Now that I’ve overcome many self-imposed mental obstacles, I feel more freedom to just enjoy fitness. I’ve found myself researching different niche areas of fitness I may want to focus on. It will take time and experimentation to determine what I want to specialize in, and it may even change and evolve. For now, I’m trying some Pilates routines and getting outside to run again now that the weather is milder and I’m finally over my fourth or fifth cold this past flu season, ugh. I like the concept of your body being your gym and also am interested in prehab and corrective exercises to reduce the chance of injuries. The reason I decided to pursue personal training was because of the success I had in treating and resolving my back pain. Lots to explore and lots to be excited about. 🙂

Kickstarting and Habit Stacking

As I explained in my last post, The Boredom Dilemma, I detest being bored. The reason for the gap of three weeks since that post and this one is that boredom has been getting the better of me and interfering with my blogging and exercise habits. However, this past week I tried something completely new in my routine, a FitOn workout challenge. FitOn is a free exercise app that allows you to choose different workouts or challenges based on the time and intensity of the workout. I saw a challenge named the 10-day Kickstarter, which claimed that if you were looking to reignite your fitness motivation, this was the challenge for you. I saw the words reignite and motivation and first thought, has this app been spying on me? But the part of me that wanted a fiery, blazing reset on my habits won out against the part of me that thinks the machines are out to get us all and rule mankind. (I have watched all the Terminator movies way too many times, I know. Nevertheless, I still refuse to talk to my phone or TV clicker.)

The ten workouts in the challenge are at just the right level for me. You definitely break a sweat, but they are not so long or intense that you want to quit midway through. It also incorporates a few days of active recovery with yoga and stretching. So basically, it has the Goldilocks seal of approval.

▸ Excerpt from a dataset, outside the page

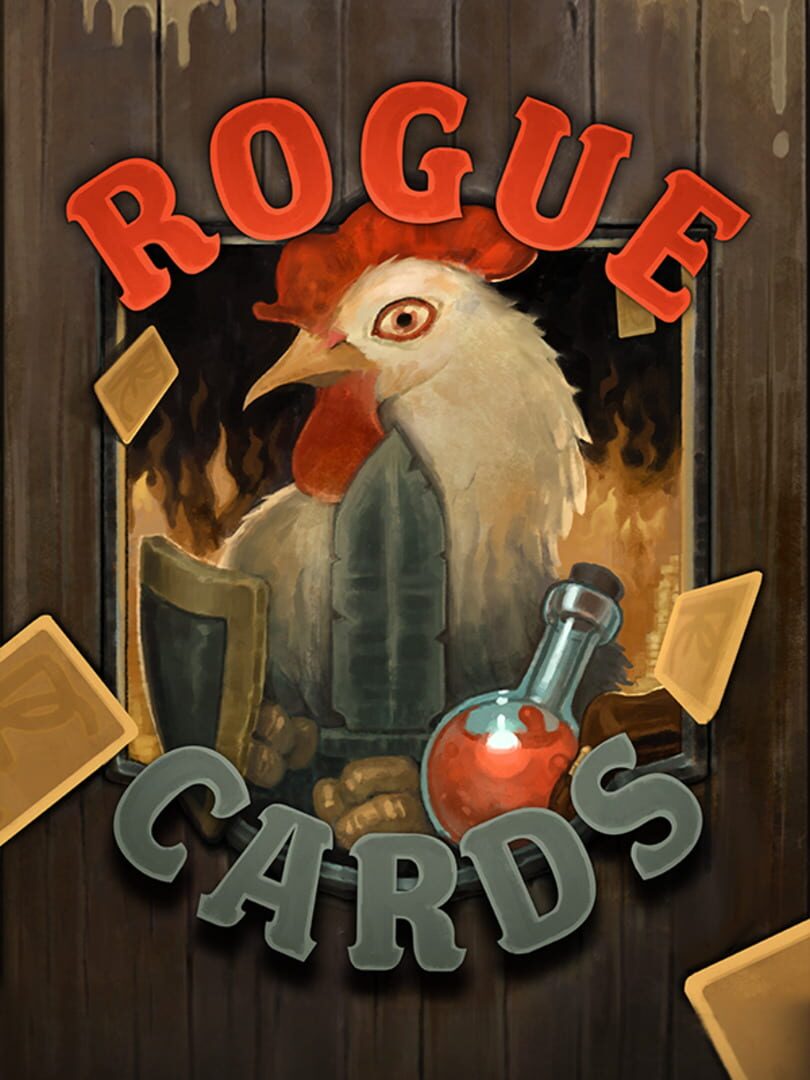 Rogue Cards (2023)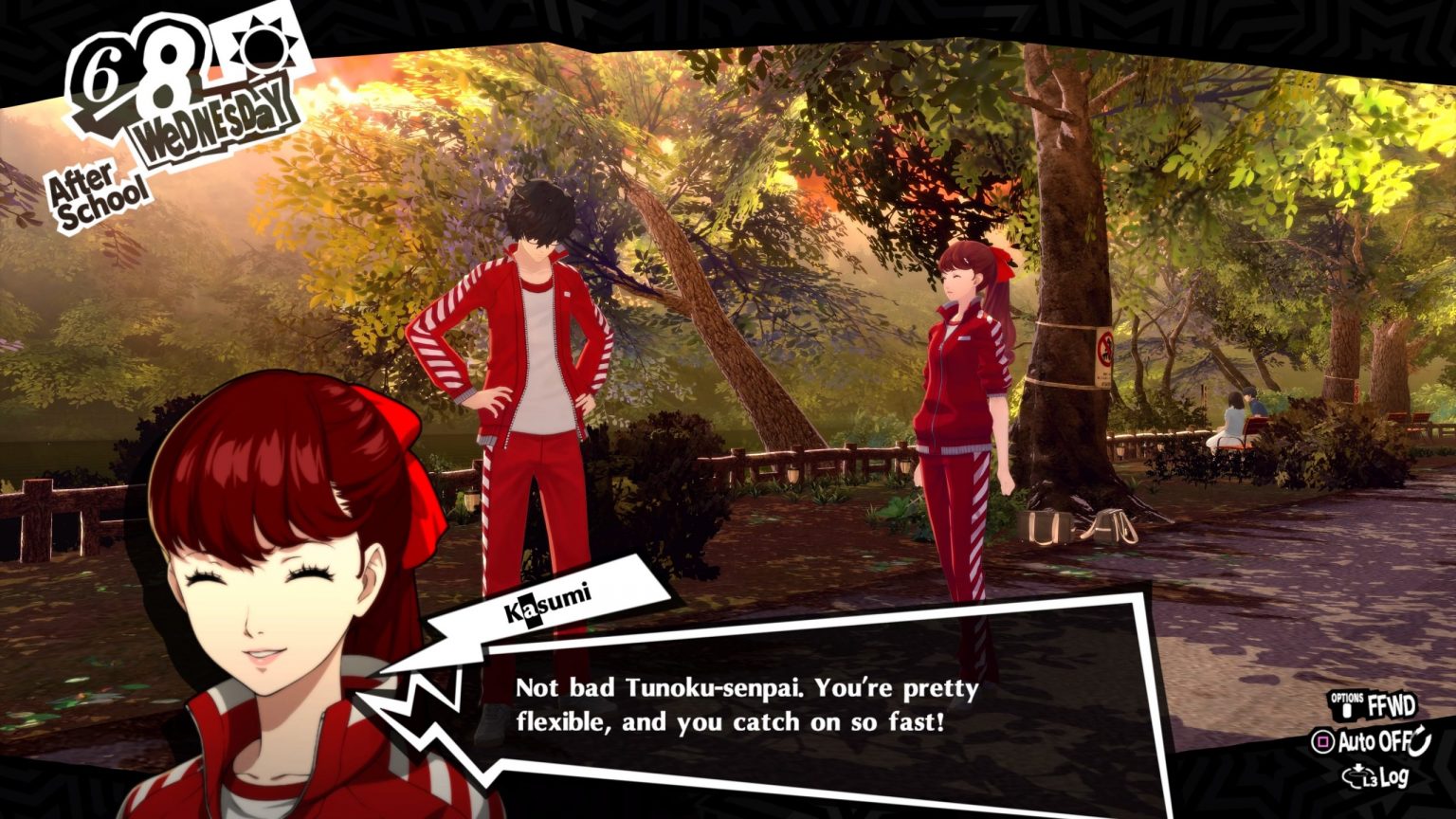 Persona 5 Royal Review Just Push Start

Right now, I have six workouts down and four to go. What I like best about the challenge is working out with a different trainer each night and learning new exercises. It is amazing how small arm movements can make for such a hard workout. One exercise, called praying pulses, has you put your arms together as if you were praying with your arms raised so that the elbows are at about chin level and then lift them in that position until the elbows are at about nose level. After about ten seconds you can feel it in your shoulders even though you are hardly moving. There was one longer routine that was really difficult for me because it was all strength moves for 25 minutes with no breaks. I struggled to keep up with the trainer throughout the whole routine, but rather than steer clear of that trainer or routine, I want to use it as a measure of progress and try it every so often to see if I can keep up better with more practice.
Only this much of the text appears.